* **Problem requirements**:
In the entries below, find the line containing "Cerro Porteño vs.". Write out that line and all lines after it, exactly, and nothing else.

* **Short text fragments from websites**:

::::

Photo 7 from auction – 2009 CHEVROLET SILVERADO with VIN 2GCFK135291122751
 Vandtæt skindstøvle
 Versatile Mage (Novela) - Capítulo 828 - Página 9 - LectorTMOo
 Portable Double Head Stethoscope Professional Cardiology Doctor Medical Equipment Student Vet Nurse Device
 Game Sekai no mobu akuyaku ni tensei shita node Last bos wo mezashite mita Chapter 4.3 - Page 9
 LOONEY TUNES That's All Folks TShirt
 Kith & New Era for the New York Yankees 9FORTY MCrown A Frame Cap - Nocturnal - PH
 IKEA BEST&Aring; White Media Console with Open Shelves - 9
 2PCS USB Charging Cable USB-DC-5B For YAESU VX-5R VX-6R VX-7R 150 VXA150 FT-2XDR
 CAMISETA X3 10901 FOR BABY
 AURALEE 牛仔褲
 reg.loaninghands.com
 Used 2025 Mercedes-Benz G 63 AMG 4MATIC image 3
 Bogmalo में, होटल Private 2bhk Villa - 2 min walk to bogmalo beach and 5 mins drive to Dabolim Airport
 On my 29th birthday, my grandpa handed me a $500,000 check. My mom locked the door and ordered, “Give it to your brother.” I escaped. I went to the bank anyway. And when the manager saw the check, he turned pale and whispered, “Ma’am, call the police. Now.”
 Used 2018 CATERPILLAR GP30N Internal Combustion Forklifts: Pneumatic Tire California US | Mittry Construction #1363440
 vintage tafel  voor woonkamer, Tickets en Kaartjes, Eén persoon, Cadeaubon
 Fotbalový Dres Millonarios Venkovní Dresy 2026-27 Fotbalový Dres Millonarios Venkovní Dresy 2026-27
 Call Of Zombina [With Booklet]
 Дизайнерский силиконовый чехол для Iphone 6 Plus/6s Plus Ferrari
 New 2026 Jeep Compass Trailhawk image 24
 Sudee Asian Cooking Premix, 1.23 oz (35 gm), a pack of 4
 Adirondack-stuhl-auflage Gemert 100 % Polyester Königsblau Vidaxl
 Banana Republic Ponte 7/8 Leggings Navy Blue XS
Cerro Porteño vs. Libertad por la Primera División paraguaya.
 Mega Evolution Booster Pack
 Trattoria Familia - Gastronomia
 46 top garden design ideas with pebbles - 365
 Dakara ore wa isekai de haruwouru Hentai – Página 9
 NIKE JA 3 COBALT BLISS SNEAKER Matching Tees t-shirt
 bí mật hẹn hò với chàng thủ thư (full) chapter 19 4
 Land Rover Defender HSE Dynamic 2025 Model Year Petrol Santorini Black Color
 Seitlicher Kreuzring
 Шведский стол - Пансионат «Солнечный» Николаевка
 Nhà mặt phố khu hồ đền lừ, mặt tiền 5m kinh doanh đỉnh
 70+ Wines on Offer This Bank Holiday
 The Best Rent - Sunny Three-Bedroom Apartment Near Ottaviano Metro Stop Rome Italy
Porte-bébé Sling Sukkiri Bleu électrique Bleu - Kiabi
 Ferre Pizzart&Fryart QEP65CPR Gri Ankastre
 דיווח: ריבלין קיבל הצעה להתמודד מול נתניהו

::::

* **Exercise solution**:
Cerro Porteño vs. Libertad por la Primera División paraguaya.
 Mega Evolution Booster Pack
 Trattoria Familia - Gastronomia
 46 top garden design ideas with pebbles - 365
 Dakara ore wa isekai de haruwouru Hentai – Página 9
 NIKE JA 3 COBALT BLISS SNEAKER Matching Tees t-shirt
 bí mật hẹn hò với chàng thủ thư (full) chapter 19 4
 Land Rover Defender HSE Dynamic 2025 Model Year Petrol Santorini Black Color
 Seitlicher Kreuzring
 Шведский стол - Пансионат «Солнечный» Николаевка
 Nhà mặt phố khu hồ đền lừ, mặt tiền 5m kinh doanh đỉnh
 70+ Wines on Offer This Bank Holiday
 The Best Rent - Sunny Three-Bedroom Apartment Near Ottaviano Metro Stop Rome Italy
Porte-bébé Sling Sukkiri Bleu électrique Bleu - Kiabi
 Ferre Pizzart&Fryart QEP65CPR Gri Ankastre
 דיווח: ריבלין קיבל הצעה להתמודד מול נתניהו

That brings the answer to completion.